FOI-Bioinformatics / nanometa_live

A streamlined workflow and GUI for real-time species identification and pathogen characterization via nanopore sequencing data. Engineered for precision, speed, and user-friendliness, with offline functionality post-initialization.
GNU General Public License v3.0
14 stars 2 forks source link

Enhancements to `file_utils.py` and `transform_utils.py` to implement mode gtdb-file #51

Closed druvus closed 11 months ago

druvus commented 11 months ago

Summary:

This PR introduces several key enhancements to the file_utils.py and transform_utils.py files to better handle GTDB metadata. The aim is to streamline the GTDB file downloading, reading, and processing steps, particularly when used in conjunction with other modes in nanometa_prepare.py.

Changes:

  1. Download GTDB Metadata: Implemented a function download_gtdb_metadata() to download GTDB metadata files and corrected the directory paths.

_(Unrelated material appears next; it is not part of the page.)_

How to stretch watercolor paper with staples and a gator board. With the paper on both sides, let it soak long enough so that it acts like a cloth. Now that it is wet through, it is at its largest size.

  2. Read and Process GTDB Metadata: Added a function read_and_process_gtdb_metadata() to read the GTDB metadata file, filter it based on Kraken2 taxonomy, and return a DataFrame. The function also includes additional logging to show the number of rows before and after filtering.

  3. Adding Tax IDs: Introduced add_taxid_to_results() in transform_utils.py to map species names to tax IDs and add this information as a new column in the DataFrame.

  4. Main Script Update: Included calls to these new functions in nanometa_prepare.py to integrate them into the existing workflow.